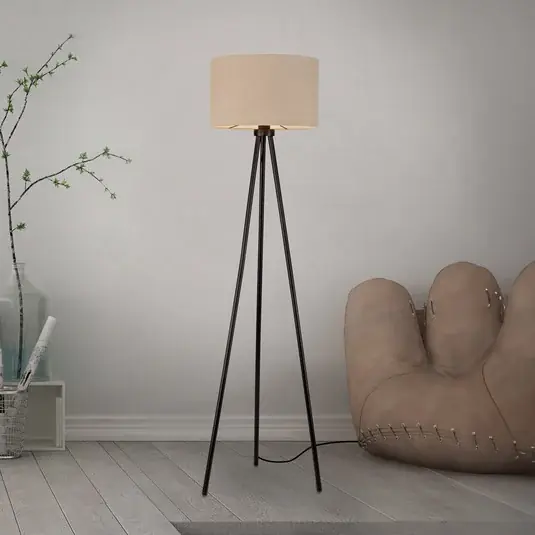 Sleva JUST LIGHT. Stojací lampa Green Duro, textil, trojnožka, béžová barva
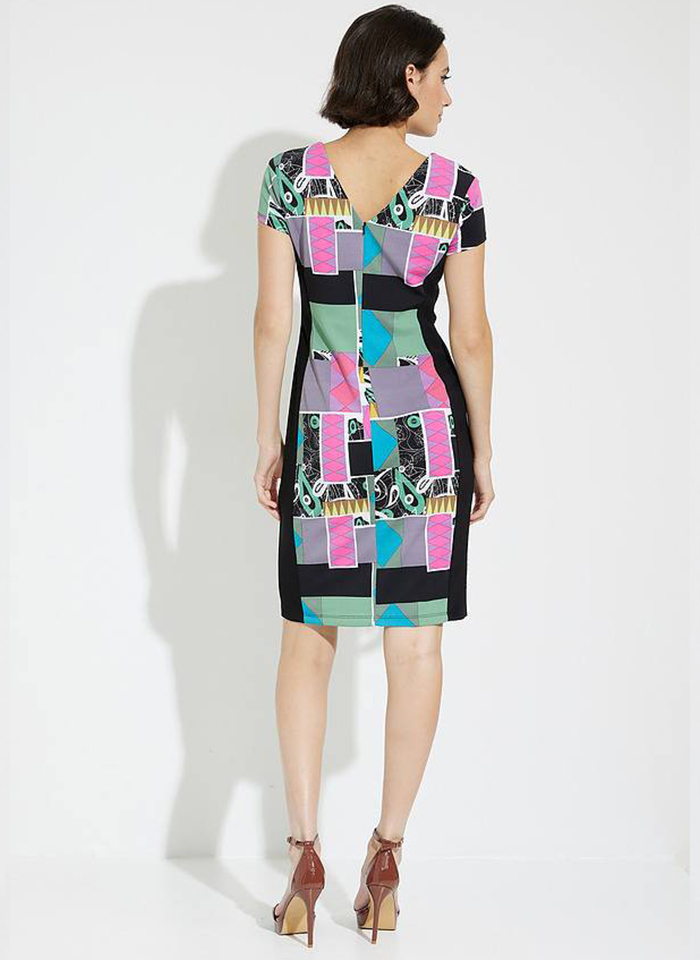 Joseph Ribkoff, Sukienka w kolorowy geometryczny wzór.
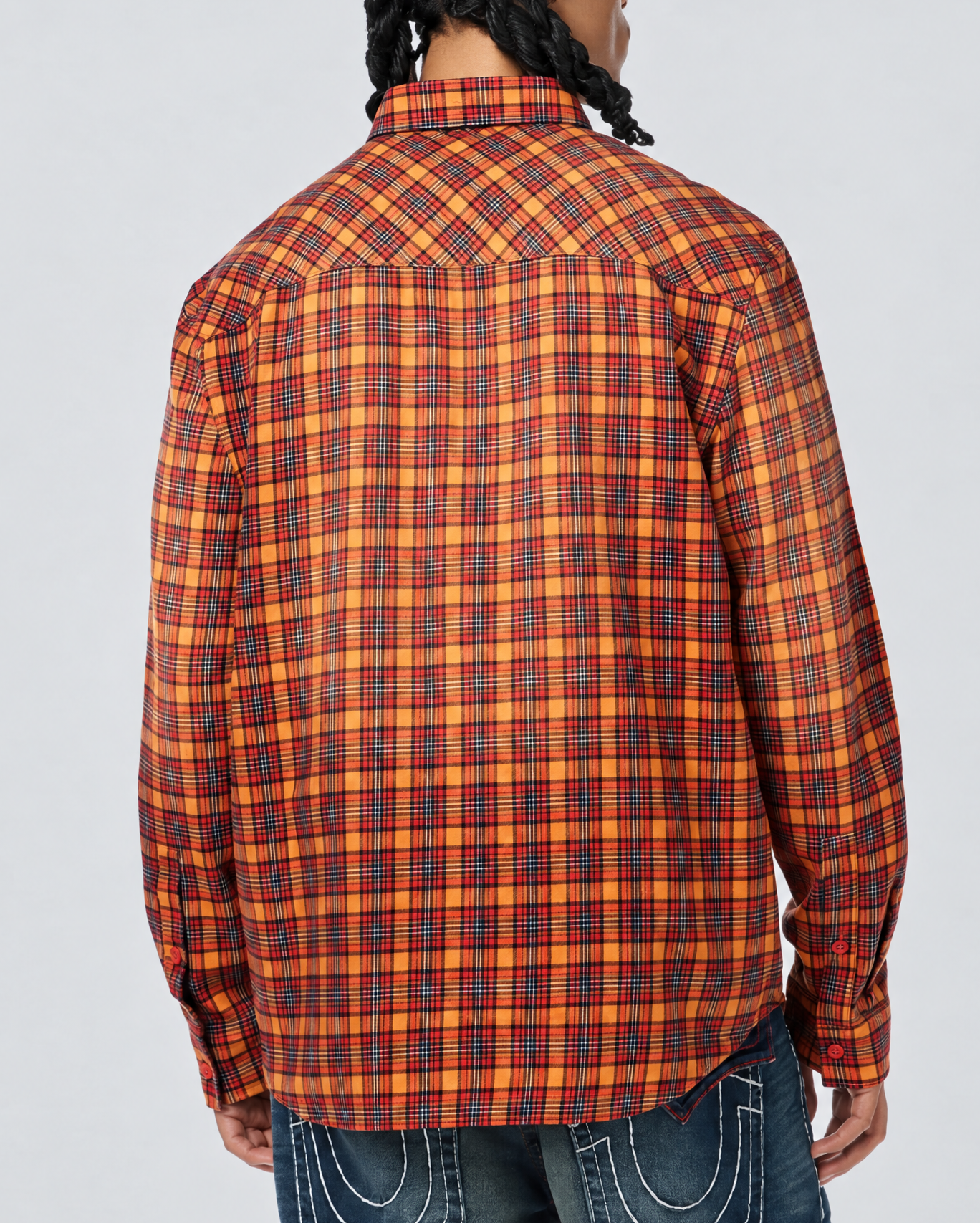 LS SPRAYED FLANNEL - RED / ORANGE PLAID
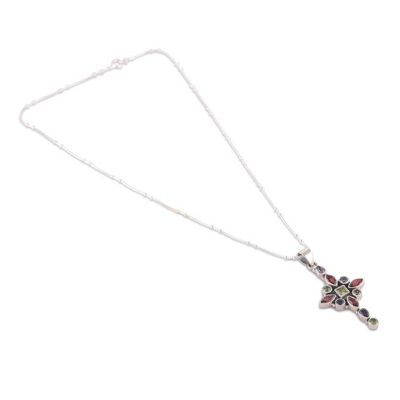 Alternate image for Cross-Themed 5-Carat Faceted Multi-Gemstone Pendant Necklace Legacy of Faith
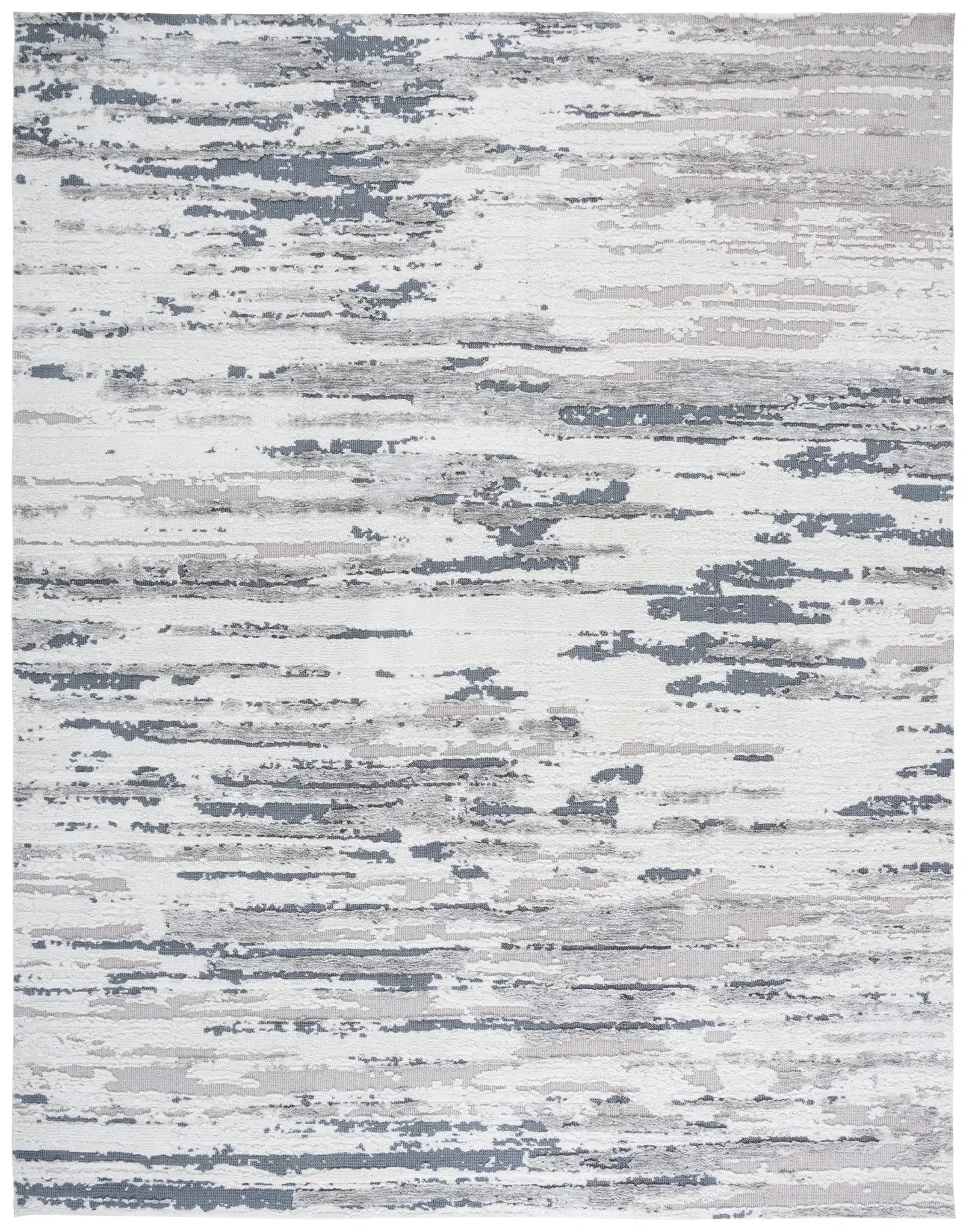 Audrey Striated Abstract Rug in Gray / Beige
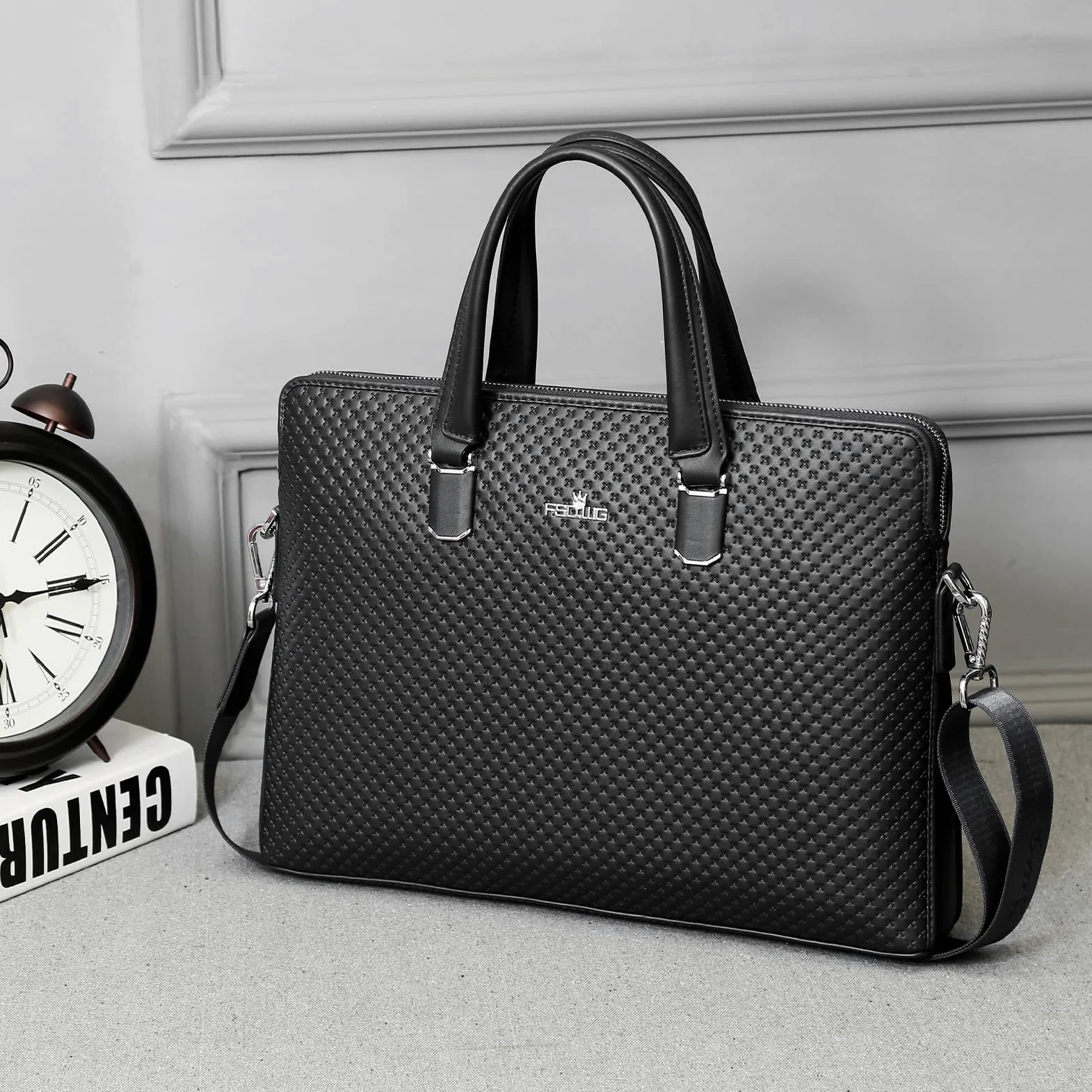 FSD.WGBusiness Bag Borsa in pelle Borsa da Affari per Computer Portatile Borsa da Uomo nero Large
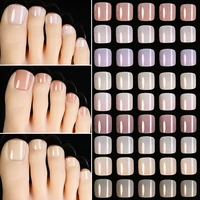 120Pcs Short Square Press-On Toe Nail Tips Pink Nude Solid Color Full Cover Fake Toenails Glossy Finished Durable False Toenails 1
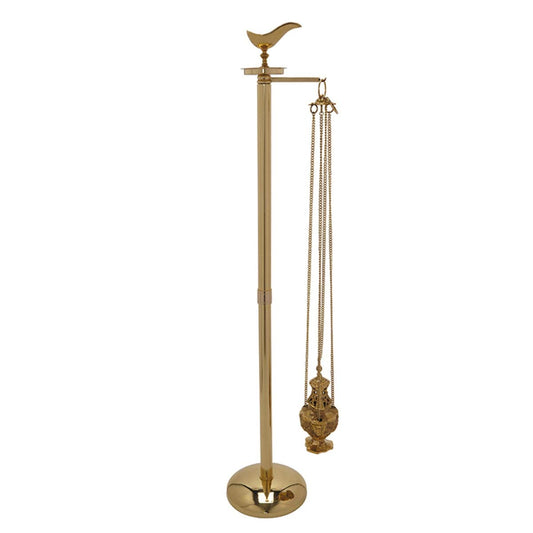 Sudbury Brass Round Base Censer Stand, 51 Inch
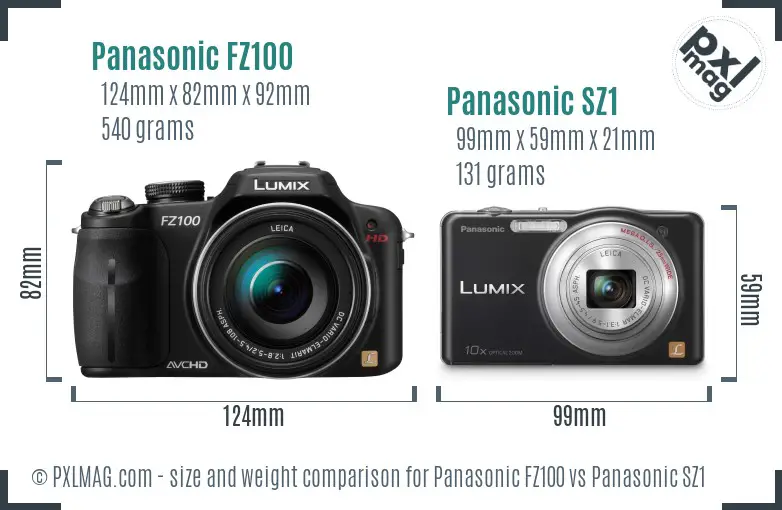 Panasonic FZ100 vs Panasonic SZ1 size comparison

▶ **PROMPT**: All of the data above is to be repeated exactly, with the pictures left out.

▶ **TASK SOLUTION**:
 Sleva JUST LIGHT. Stojací lampa Green Duro, textil, trojnožka, béžová barva
 Joseph Ribkoff, Sukienka w kolorowy geometryczny wzór.
 LS SPRAYED FLANNEL - RED / ORANGE PLAID
 Alternate image for Cross-Themed 5-Carat Faceted Multi-Gemstone Pendant Necklace Legacy of Faith
 Audrey Striated Abstract Rug in Gray / Beige
 FSD.WGBusiness Bag Borsa in pelle Borsa da Affari per Computer Portatile Borsa da Uomo nero Large
 120Pcs Short Square Press-On Toe Nail Tips Pink Nude Solid Color Full Cover Fake Toenails Glossy Finished Durable False Toenails 1
 Sudbury Brass Round Base Censer Stand, 51 Inch
 Panasonic FZ100 vs Panasonic SZ1 size comparison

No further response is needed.